Performance

Performance considerations and tuning

Considerations

There are typically three possible bottlenecks in the performance of data generation job in Tonic. They are:

1) Network IO. Specifically, the bandwidth capacity of the network which connects Tonic to the database instances.

2) Disk IO. The disk IO of the databases.

3) Tonic Server and workspace configuration. Tonic performs a variety of complex data computations and transformations, which depending on your workspace selections, can take a while to perform.

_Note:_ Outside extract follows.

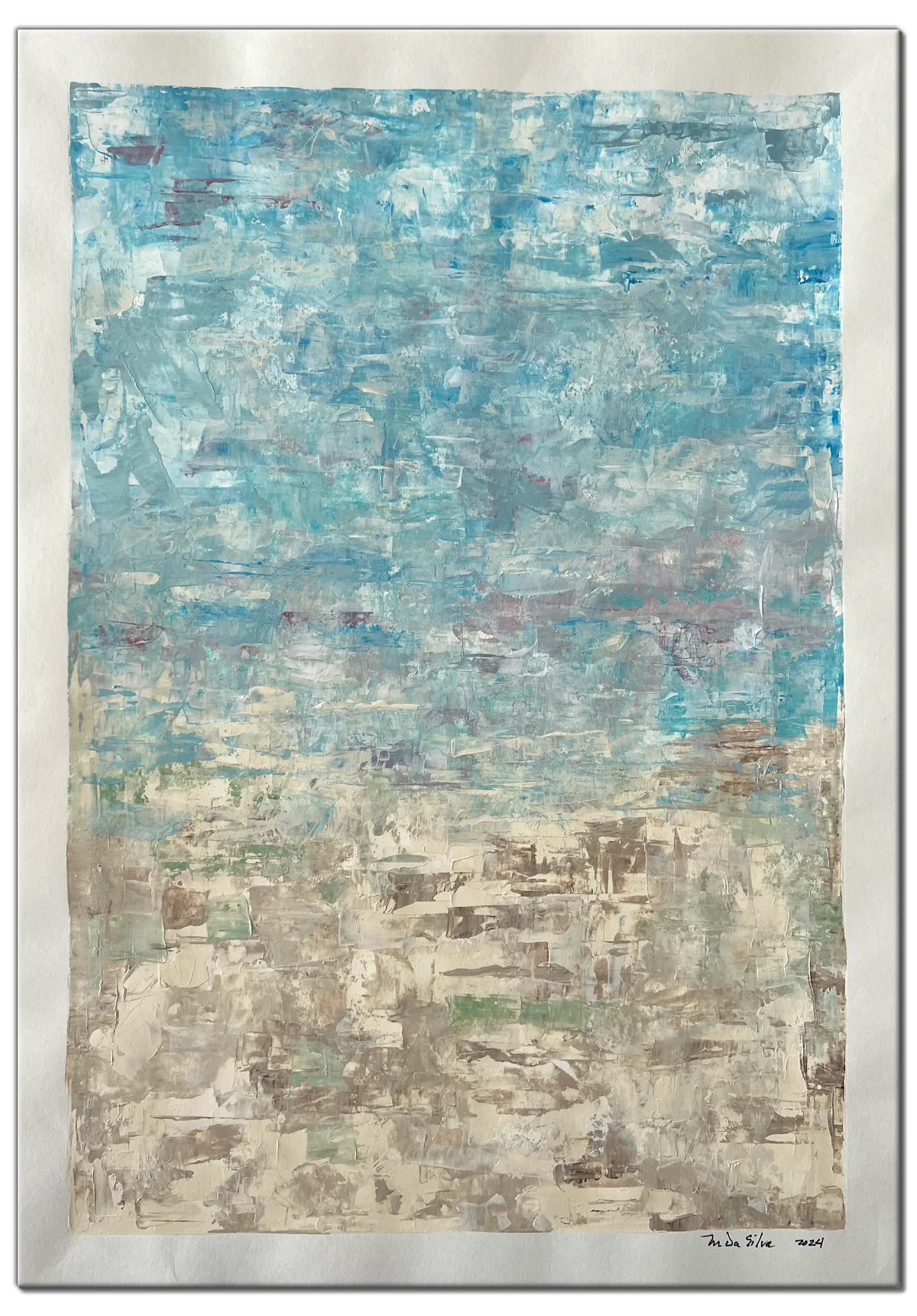 Dune II - Impressions Series - Da Silva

However, it is often the case that disk IO and network IO are more often the culprit for slow data generation times.

Network IO

When possible, ensure that Tonic has a fast network pipe between the two database instances. It is always advisable to install Tonic on or nearby the hardware running your database instances.

Disk IO

This is normally limited by the database hardware itself. If you are running in a public cloud you do have options you can configure for accessing faster disks. Also, go to our SQL Server page to read about things you can do specifically for SQL Server to increase your write speeds on your destination database.

Reducing data loads

To reduce the amount of necessary disk and network IO you can also copy less data from the source to the destination. In some cases, you don't need the data in each table (or in specific columns within the table) and other times you might be happy with the data already existing in the destination and don't need to copy it again from the source. Read below for a few tips:

1) Put large tables into Truncate mode which tells Tonic to not transfer data. This can be especially useful on audit or transaction tables which are sometimes not needed for typical QA testing.

2) Avoid copying over large columns such as varchar(max), blob, XML, and JSON columns. If the data is not needed for your purpose then apply a NULL generator (when column is nullable) or a Constant generator to these columns to reduce the amount of IO necessary.

3) Put large tables in Preserve mode. In Preserve mode a table is not copied from the source because it already exists on the destination. If you need to re-do a run using the same source data but a large table has not changed then put it into Preserved mode and Tonic will not copy it over and will instead use the already existing data in the destination DB.

Tonic Server

Certain Tonic configurations, however, can introduce CPU bottlenecks. This typically occurs when using specific Tonic generators such as the JSON or XML Mask generators with a large number of paths selected. When you believe the Tonic server itself is the bottleneck then there are several settings that can be tuned in order to improve your performance. These settings should all be applied as environmental variables in your tonic_worker container.

TONIC_TABLE_PARALLELISM (defaults to 1)

This variable controls how many tables Tonic operates on at once. If your Tonic server has enough CPU and your source and target databases are not fully utilized then we advise increasing this variable to 2, or possibly higher depending on your hardware.

Note: This variable must be kept at 1 if your source database is being modified by other database connections during the data generation job. If you increase it to 2 or higher in that situation then your output database will likely not maintain referential integrity.

TONIC_WRITE_PARALLELISM (defaults to 2)

The number of threads to devote to writing rows to the output database.

TONIC_PROCESS_PARALLELISM (defaults to 1)

The number of threads to devote to performing the data transformations necessary. If you have a workspace with a very high number of generators or a large number of JSON Mask, XML Mask, Integery Primary Key, or Alphanumeric Primary Key generators then you should likely increase this value to at least 2.

TONIC_INDEX_RESTORATION_PARALLELISM (defaults to 1)

The number of indexes to restore concurrently in the destination database at the end of the data generation run. Note that this variable only affects MySql databases.